La frase discendente guida la musica verso una graduale disintegrazione: La sezione B, in netto contrasto con la misteriosa sezione A, inizia violentemente, e via via diventa sempre più complessa e tempestosa, costituita da molti virtuosismi, in una scrittura rigorosamente pianistica. Prima della conclusione, un’allusione al tema principale genera una pausa tensiva, seguita dalla ripresa di A, in cui si misura l’abilità dell’esecutore nella sua capacità di modulare l’interpretazione con lo stesso materiale tematico, aggiungendo così una varietà coloristica al lavoro.

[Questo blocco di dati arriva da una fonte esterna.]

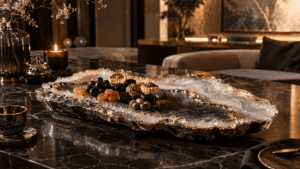 ظروف پذیرایی طرح سنگ مرمر و ژئود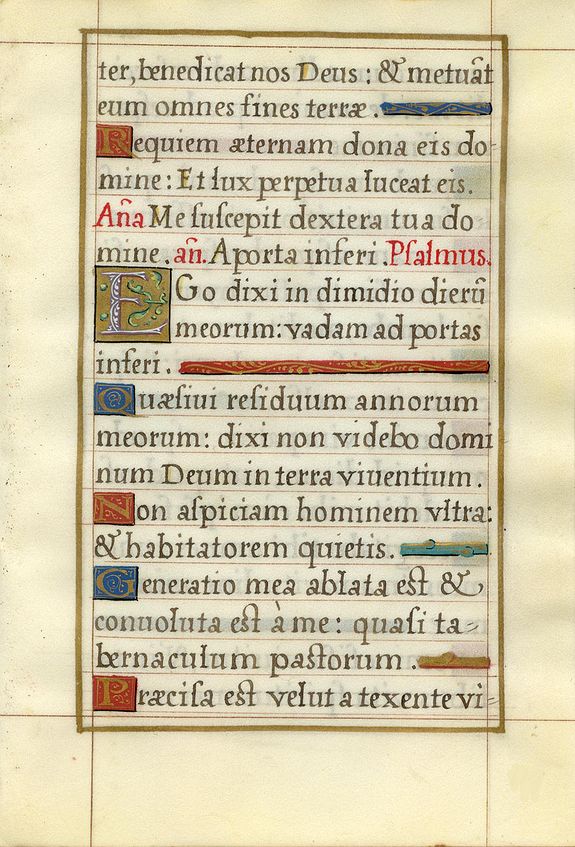 BOOK OF HOURS, Leaf on vellum from a French manuscript Book of Hours., antique map, old maps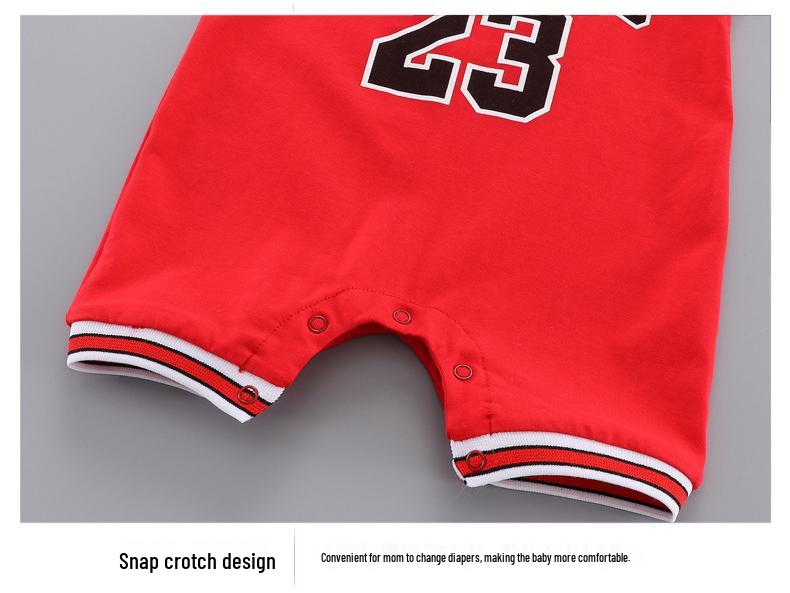 Summer Sleeveless Baby Basketball Romper - Newborn Boy Crawling Onesie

All’interno del suo repertorio pianistico Barber ci lascia intravedere, dietro quel misterioso velo di discrezione dalle atmosfere nebulose, tipicamente brahmsiane, questa sua impareggiabile capacità di coniugare molteplici istanze in un unico inconfondibile stile che, a sua volta, gli permette di coltivare in modo originale la propria sfera individuale. Essa infatti rappresenta il fulcro di quella universalità compositiva, sopra accennata, caratterizzata dall’incessante ricerca di nuovi significati da attribuire alla materia sonora.

Perciò, il suo essere apolide e cittadino del mondo al tempo stesso, l’ha portato inoltre a dissociarsi dal dibattito sull’identità della musica americana, rendendolo un unicum nella storia della musica. Infatti, mentre compositori come Copland, Gershwin, Bernstein miravano alla creazione di un “suono” americano nella sua essenza più vera, Barber trascende l’idea stessa di nazionalità affermando, con quell’elegante compostezza che lo ha sempre contraddistinto, le ragioni del suo comporre, come riporta un’intervista con John Gruen pubblicata sul New York Times.

“Per quanto riguarda la mia musica, non ho mai scritto un libro su di essa. Io non sono un pedagogo…Quando scrivo una sonata per pianoforte astratta o un concerto, io scrivo quello che sento. Io non sono un compositore consapevole di sé. Penso che ciò che hanno creduto una grande quantità di compositori addietro, sia stato il sentirsi in dovere di creare uno stile nuovo ogni anno. Questo nel mio caso, sarebbe senza speranza. In realtà, si dice che il mio stile non sia per tutti, ma questo non importa. Mi basta andare a fare, come si suol dire, la mia cosa. Credo invece che questo, richieda un certo coraggio”.